The revision, outlined at Tuesday's Policy Committee meeting, follows an audit of the QHS student handbook, curriculum guide and staff handbook by Paul Gorski, founder of the Equity Literacy Institute and a national voice on equity issues.
"One thing he noted was our dress code was a little outdated. It mostly focused on girls, and the assumption under most of it was girls can't dress this way because boys can't handle it. That's not fair to boys or girls," QHS Principal Jody Steinke said.
"We do feel the current dress code is antiquated, and it's a barrier for some of our kids who are maybe at risk. We don't need another barrier for them to attend school," he said. "We prefer to simplify it and focus on learning, education and getting across the stage at Flinn Stadium the end of senior year."
Committee members favored the dress code revision which still must be approved by the School Board.
The revised policy still requires shoes to be worn and prohibits clothing and accessories that present a potential safety factor for the wearer or others and clothing and accessories "which are suggestive, include obscenities, depict hate messages and/or contain references to or depictions of alcohol, drugs and/or tobacco."
But it takes out references to specific types of female clothing, such as halter tops and strapless dresses/tops, as well as length requirements for skirt and shorts.
Students who don't follow the guidelines will be asked to change or modify their clothing.
The revision also allows hats in the building, but gives each teacher discretion on whether to allow hats in the classroom.

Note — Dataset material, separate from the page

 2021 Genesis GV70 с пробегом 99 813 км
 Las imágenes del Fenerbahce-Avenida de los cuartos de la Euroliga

Hats previously had been prohibited at QHS, but a pilot program in the fourth quarter of the 2018-19 school year allowed students to wear hats. Staff overwhelmingly favored keeping the same approach this year, and an informal count during Tuesday's lunch periods found around 60 of the 1,800 students wearing hats.

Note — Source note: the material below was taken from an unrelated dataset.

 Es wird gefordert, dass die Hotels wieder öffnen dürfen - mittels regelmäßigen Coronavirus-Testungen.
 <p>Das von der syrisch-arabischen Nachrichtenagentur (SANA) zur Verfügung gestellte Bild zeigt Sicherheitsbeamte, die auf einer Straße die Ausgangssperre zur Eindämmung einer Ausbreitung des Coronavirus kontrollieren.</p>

School Board member and committee co-chair Jim Whitfield understands the "old school" philosophy against hats. But "we've got bigger things to worry about as to whether a young man or a young woman is wearing a hat in the building during the day," he said.
"A number of kids would rather leave the building than take that hat off. We've had it happen the last few years," Steinke said. "Let's focus on what matters. That's getting the kids in school, making sure they're in class and learning."
Committee member Nora Schnack said she had no issue with hats, scarves or other head covering but wondered who gets to decide what's suggestive student clothing.
The decision is subjective, Steinke said, but very few office discipline referrals are handed out for dress code violations.
"Things that come to school are oftentimes bad fashion choices as opposed to dress code violations. Like maybe you shouldn't wear that, but that's probably for a parent to talk about," Steinke said.
Also Tuesday, committee members reviewed policy changes proposed by the Policy Reference Education Subscription Service. Most of the changes were minor and the revisions will be tabled for a month, then adopted by the School Board in September.